El dólar mayorista en Argentina podría alcanzar cerca de $1.761 a fines de mayo sin que el Banco Central de la República Argentina (BCRA) intervenga en el mercado, de acuerdo con la actualización automática de la banda cambiaria basada en la inflación de marzo, que fue del 3,4%, según informó el Instituto Nacional de Estadística y Censos (Indec). Este mecanismo define el rango dentro del cual puede fluctuar el tipo de cambio sin acciones oficiales y resulta clave para la estrategia económica del Gobierno.
El esquema de bandas de flotación, implementado a comienzos de 2026 por el equipo económico, establece que tanto el piso como el techo del dólar se ajustan mensualmente en función del Índice de Precios al Consumidor (IPC). Dado que el cálculo se realiza con un rezago de dos meses, el dato de inflación de marzo es el que impacta directamente en los valores correspondientes a mayo.
Según estimaciones del mercado, el nuevo techo de intervención se ubicará en torno a los $1.761, lo que implica que el tipo de cambio aún tiene margen para subir sin que el BCRA deba vender reservas.

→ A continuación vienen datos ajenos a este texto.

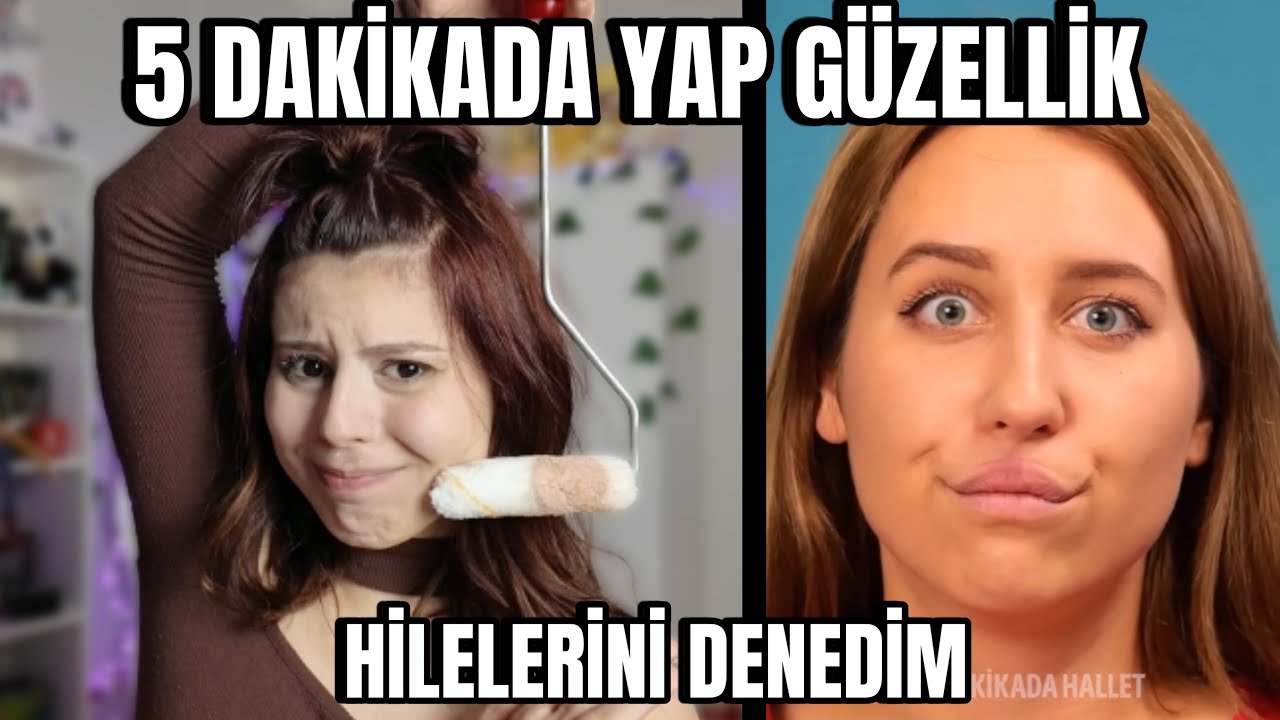 SAÇMA 5 DAKİKADA YAP GÜZELLİK HİLELERİ DENEDİM :p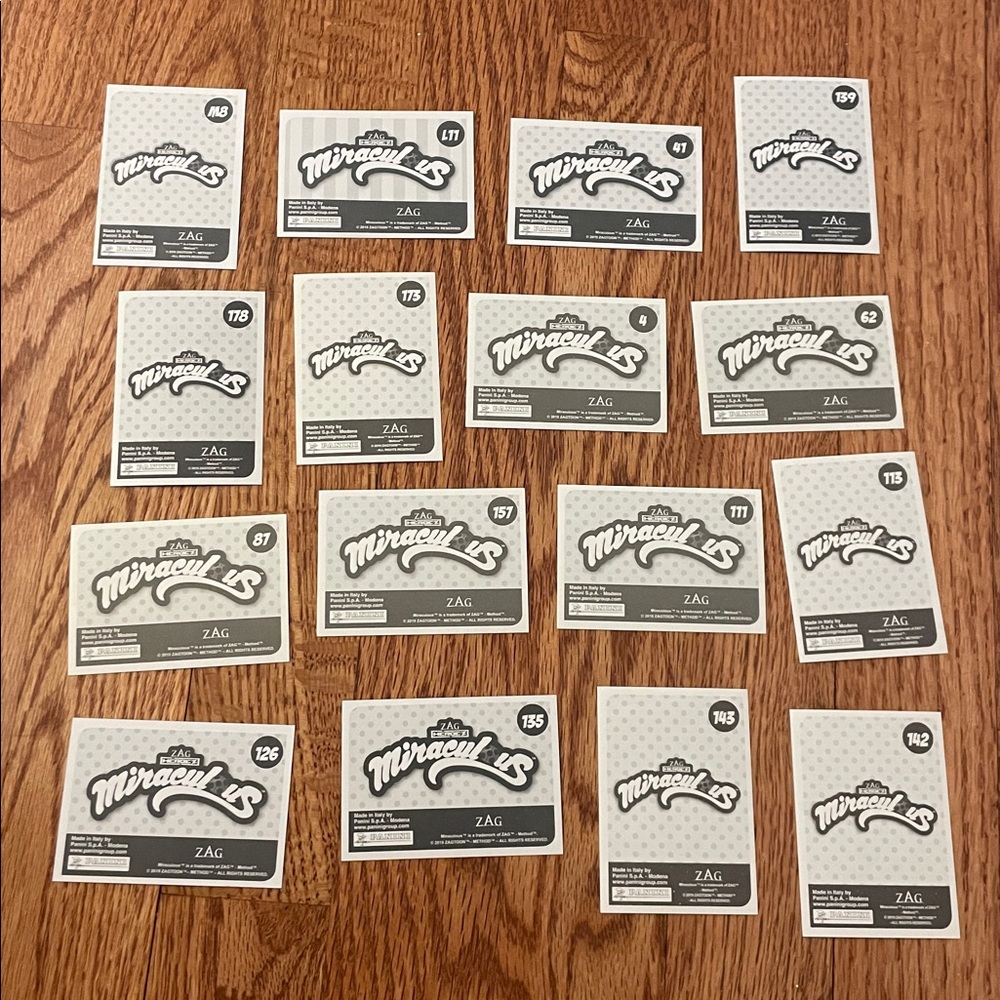 Lot of 100 Random Panini Miraculous Ladybug Stickers/Trading Cards! - Picture 2 of 11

En este contexto, el analista financiero Christian Buteler señaló que “el dólar podría subir 29% hasta ese momento y el BCRA no estaría obligado a intervenir”, en referencia al recorrido potencial dentro del corredor cambiario.
Actualmente, la cotización del dólar mayorista ronda los $1.391, lo que deja una brecha de más de $300 respecto del límite superior. Este diferencial, equivalente a un 26,59%, otorga al mercado cierto grado de flexibilidad para absorber tensiones cambiarias sin una respuesta inmediata de la autoridad monetaria.
El diseño del sistema apunta a reducir la volatilidad del tipo de cambio y brindar previsibilidad a los agentes económicos. En caso de que el dólar supere el techo establecido, el BCRA tiene la obligación de intervenir en el Mercado Libre de Cambios (MLC) mediante la venta de divisas para estabilizar la cotización dentro de los parámetros definidos.

No obstante, tanto el Ministerio de Economía como el propio Banco Central conservan la facultad de actuar antes de alcanzar ese límite si consideran que una suba acelerada del dólar puede afectar el proceso de desinflación. La política económica vigente combina una estrategia fiscal y monetaria restrictiva con el objetivo de llevar el IPC por debajo del 2% mensual hacia el segundo semestre del año.
En paralelo, el contexto de relativa estabilidad cambiaria permitió al BCRA avanzar en la acumulación de reservas. Según datos oficiales, la entidad monetaria lleva 78 jornadas consecutivas con saldo comprador, tanto en el mercado cambiario como en operaciones complementarias.
El último dato disponible indica que, en la jornada previa al feriado por el Día del Trabajador, el Banco Central adquirió USD 207 millones. Con este resultado, el total acumulado en lo que va de 2026 supera los USD 7.000 millones, consolidando una tendencia positiva en la recomposición de activos externos.
Desde la puesta en marcha del nuevo esquema monetario en enero, las compras alcanzan los USD 7.155 millones, lo que representa más del 71% de la meta anual. Solo durante abril, el organismo sumó USD 2.769 millones, impulsado por un mayor ingreso de divisas del sector exportador.
El presidente del BCRA, Santiago Bausili, había anticipado que el objetivo de acumulación para este año se ubica en un rango de entre USD 10.000 y USD 17.000 millones, aunque su cumplimiento dependerá de factores como la evolución de la demanda de dinero y el ritmo de liquidación de exportaciones, especialmente en el agro.
El comportamiento del tipo de cambio en las próximas semanas será determinante para evaluar la efectividad del esquema. Mientras el dólar se mantenga dentro de la banda, el Banco Central podrá continuar con su estrategia de compra de divisas sin comprometer reservas. Sin embargo, un eventual acercamiento al techo podría generar expectativas en el mercado y presionar sobre otras variables macroeconómicas, en línea con análisis difundidos por Infobae.